I recently received the following question in my Inbox. Since many people have the same question, I decided to post my reply here:
“I am wondering if the oils you have are naturally extracted. I have read that many of the flower oils such as rose, lavender, etc. are extracted with solvents. “
It depends upon the oil in question. Essential oils are obtained through steam distillation or hydrodistillation. (A few essential oils, such as orange and grapefruit, are obtained by exerting pressure on the rinds.) Other perfume oils are called “absolutes”. Absolutes are obtained via solvent extraction.
Hydrodistillation is the gentler process for obtaining essential oils. Plant materials are boiled in water, the resulting steam is collected and condensed, and the fragrant oils are collected from that. It’s a fascinating process! I have an article about it here:
About Attars and Perfumes
Steam distillation occurs at a higher temperature, because steam is hotter than boiling water. Hot steam is forced into the plant material to separate the fragrant oils.
For medicinal use, steam distillation works fine. For perfumery, the high temperatures can destroy the most delicate fragrance molecules, so hydrodistillation is preferred, when you can get it. All of my Indian Attars are hydrodistilled.
Some flowers will not release their oils under either method. For them, solvent-extraction is used. The oils that result from solvent-extraction are called “absolutes” and are very concentrated. Because this process uses no heat, absolutes have a more complete aroma profile than do essential oils.
High quality absolutes use high-quality solvents such as food-grade hexane in one part of their process. By the end of the process, the solvent traces have evaporated and are no longer noticeable. Cheap, low-quality absolutes use low-quality solvents, and this is apparent in the finished product. You can smell the solvents in a poor-quality absolute. When this absolute is diluted for perfume, you can still smell solvents, and you will absorb them into your body.
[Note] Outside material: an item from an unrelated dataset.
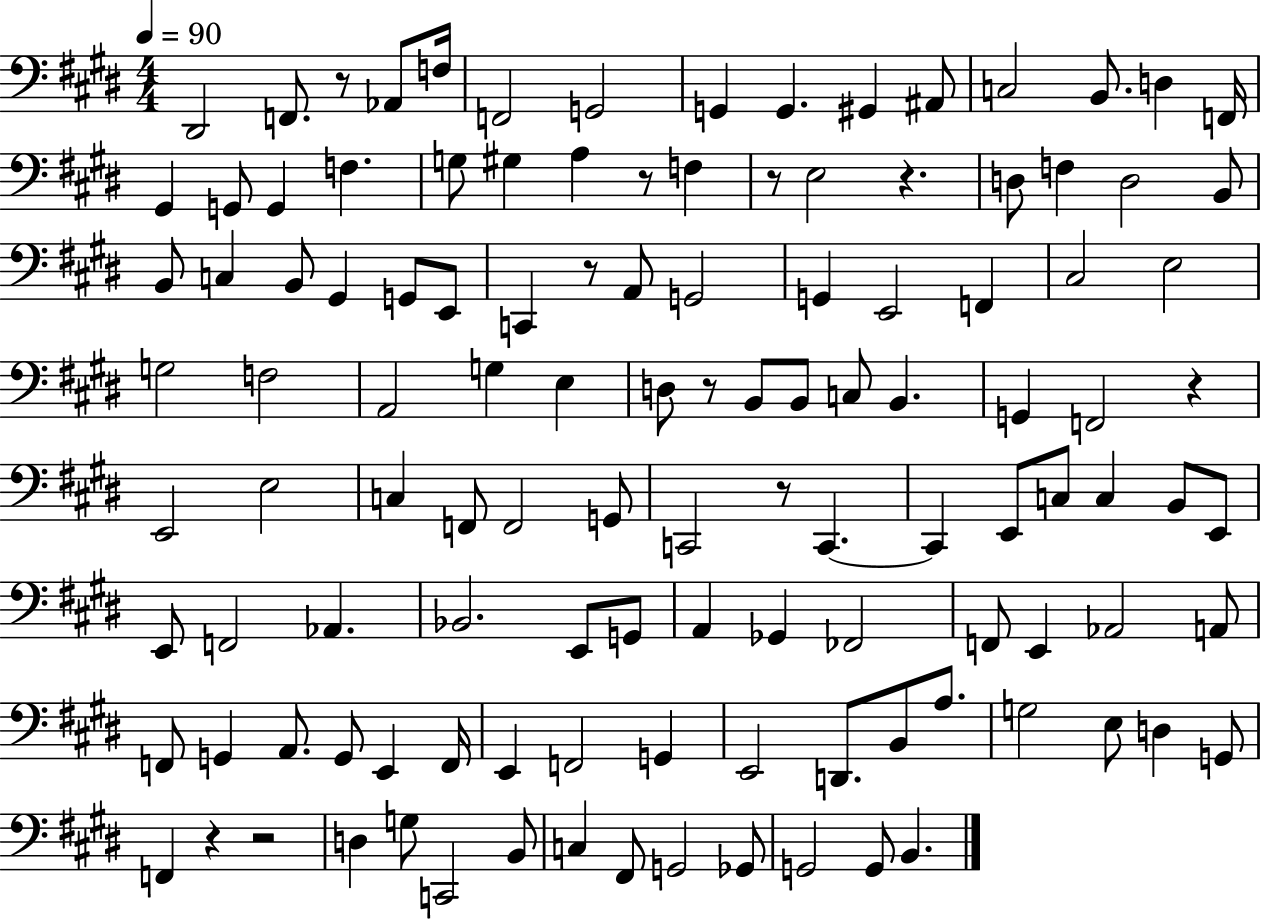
D#2/h F2/e. R/e Ab2/e F3/s F2/h G2/h G2/q G2/q. G#2/q A#2/e C3/h B2/e. D3/q F2/s G#2/q G2/e G2/q F3/q. G3/e G#3/q A3/q R/e F3/q R/e E3/h R/q. D3/e F3/q D3/h B2/e B2/e C3/q B2/e G#2/q G2/e E2/e C2/q R/e A2/e G2/h G2/q E2/h F2/q C#3/h E3/h G3/h F3/h A2/h G3/q E3/q D3/e R/e B2/e B2/e C3/e B2/q. G2/q F2/h R/q E2/h E3/h C3/q F2/e F2/h G2/e C2/h R/e C2/q. C2/q E2/e C3/e C3/q B2/e E2/e E2/e F2/h Ab2/q. Bb2/h. E2/e G2/e A2/q Gb2/q FES2/h F2/e E2/q Ab2/h A2/e F2/e G2/q A2/e. G2/e E2/q F2/s E2/q F2/h G2/q E2/h D2/e. B2/e A3/e. G3/h E3/e D3/q G2/e F2/q R/q R/h D3/q G3/e C2/h B2/e C3/q F#2/e G2/h Gb2/e G2/h G2/e B2/q.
Some flowers such as Lavender come in both essential oil and absolute form. Only perfumers tend to use Lavender Absolute. It really adds a sparkle from a perfumery standpoint.
Rose is another flower that is both distilled and solvent-extracted. Rose Absolute is more common, and truer in fragrance to a real rose. Rose Otto is hydrodistilled rose oil. It requires tons of rose petals to make a tiny amount of Rose Otto, so it is very expensive. Rose Otto is sometimes preferred for aromatherapy applications in lotions, but Rose Absolute is usually preferred for perfumery.
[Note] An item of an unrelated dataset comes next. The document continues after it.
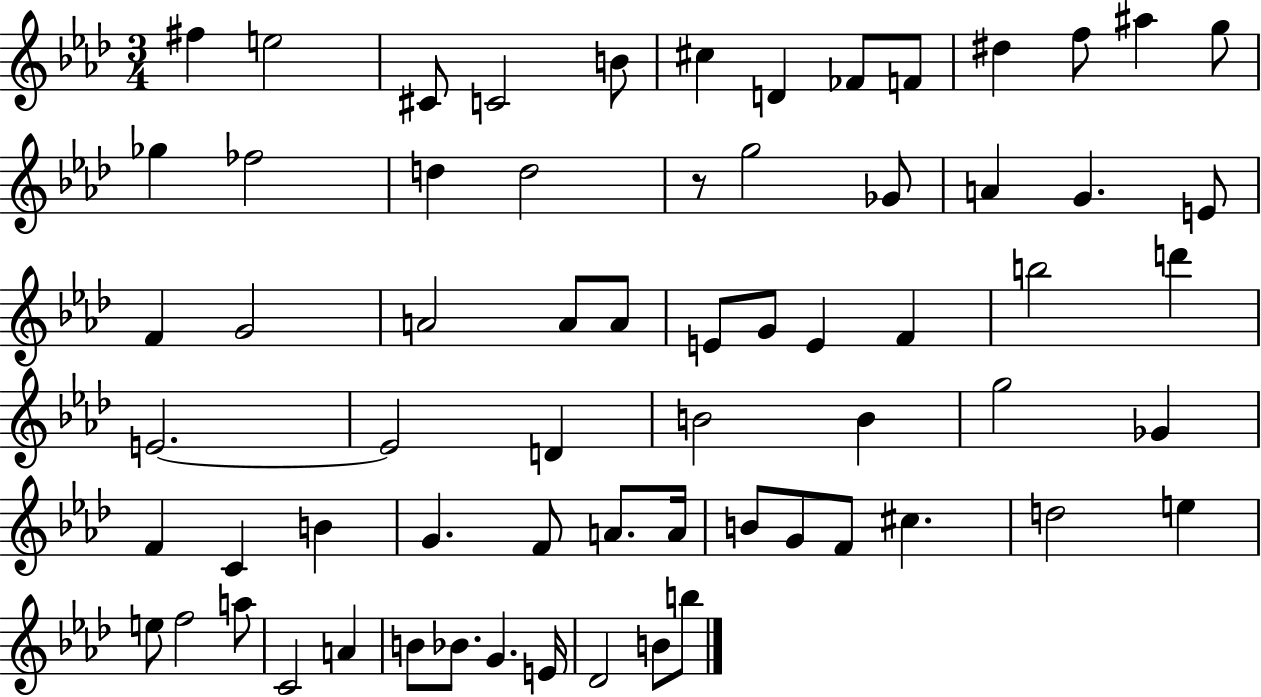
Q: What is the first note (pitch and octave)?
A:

My Indian Attars are hydrodistilled. My Tiferet Aromatherapy Perfumes use a combination of essential oils (steam distilled) and absolutes. They are superb quality, with no solvent residue. Many people with moderate MCS enjoy them both.
There is now a fourth method of extraction, called CO2 extraction. A completely non-toxic process, it uses no heat or solvents. Instead, it uses pressure from carbon dioxide to extract the aromatic oils. The resulting products smell the closest to the original material of any essential oil or absolute.
CO2 extraction is environmentally friendly for many reasons:
Only a small amount of plant material is required to render a good quantity of oil. For example, dust and slivers left over from the carving of Agarwood can be used for CO2 extraction of Agarwood oil. These small particles would be useless for distillation. Thus precious resources are conserved, no toxic chemicals are used, and no fuel is burned for heating water. My Agarwood Attar uses a CO2 extract of Agarwood.
CO2 extracts work beautifully for aromatherapy and medicinal use. If ever you come across CO2 extracts of Basil, Oregano, etc, use them with no worries.
Remember this though: Always dilute essential oils and absolutes before using them!